As a kid, did you ever want to be a karate master? Did you ever want to rescue a damsel in distress with a sweet round house kick to a muggers face? Did you ever want to perform covert ops for a shady ninja clan? If the answer is yes, than I have the next best thing! STEVEN SEAGAL'S LIGHTNING BOLT ENERGY DRINK! You have to type the name in all caps, otherwise Mr. Seagal sees it as a sign of disrespect and will punch you in the nuts.
Yes, I do still have 2 cans of this drink in my collection! Almost a decade ago when I worked at Wal-Mart, we would stock this stuff in our cold beverage display. During lunch breaks myself and a friend would grab a LIGHTNING BOLT and Chimichanga to refuel for the next 4 grueling hours of stocking shelves and customer service. They only cost $1, so it was pretty cheap and worth a try.
The taste was a bit odd. According to my resources aka Google, LIGHTNING BOLT came in 3 flavors: Asian Experience, Cherry Charge and Root Beer Rush. I have never seen the Root Beer Rush flavor on shelves, but can only guess it tasted AMAZING! In my opinion, Cherry Charge tasted like a liquid form of Cherry Halls Cough Drops with Mentho-Lyptus. I have never been to Asia, and now I don't have to. For the low price of $1, I already had my Asian Experience and it tasted like honey mixed with mint flavoring. Not at all what I was expecting!
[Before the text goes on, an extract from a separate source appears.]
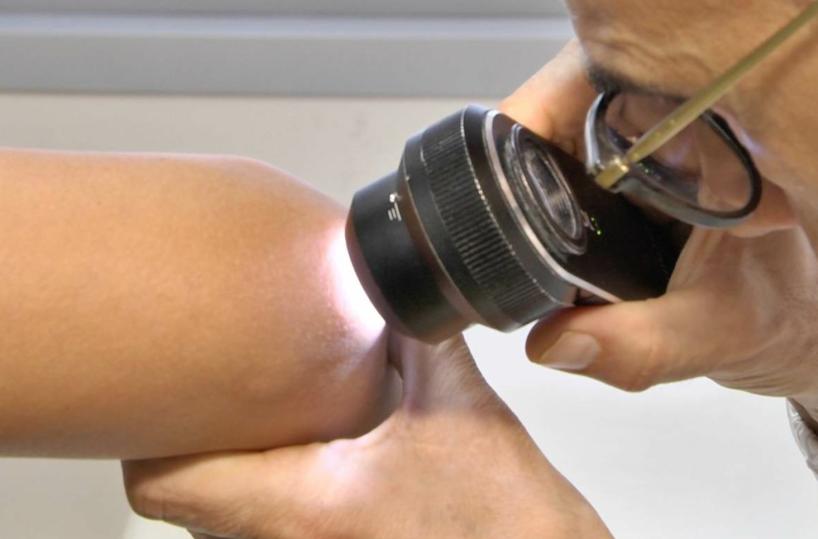 Psoriasi, un corto per superare vergogna, depressione, isolamento e liberare le proprie emozioni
These drinks are no longer being produced, most likely do to low sales. The only real reason to try LIGHTNING BOLT would be for the novelty of it and to tell your children that one day you took on Steven Seagal...in energy drink form. In closing, we need more of this 90s icon. We need more Steven Seagal. Give him a call Hollywood, I'm sure he's available? He may be a little crazy, but who isn't? I'm sure he's available.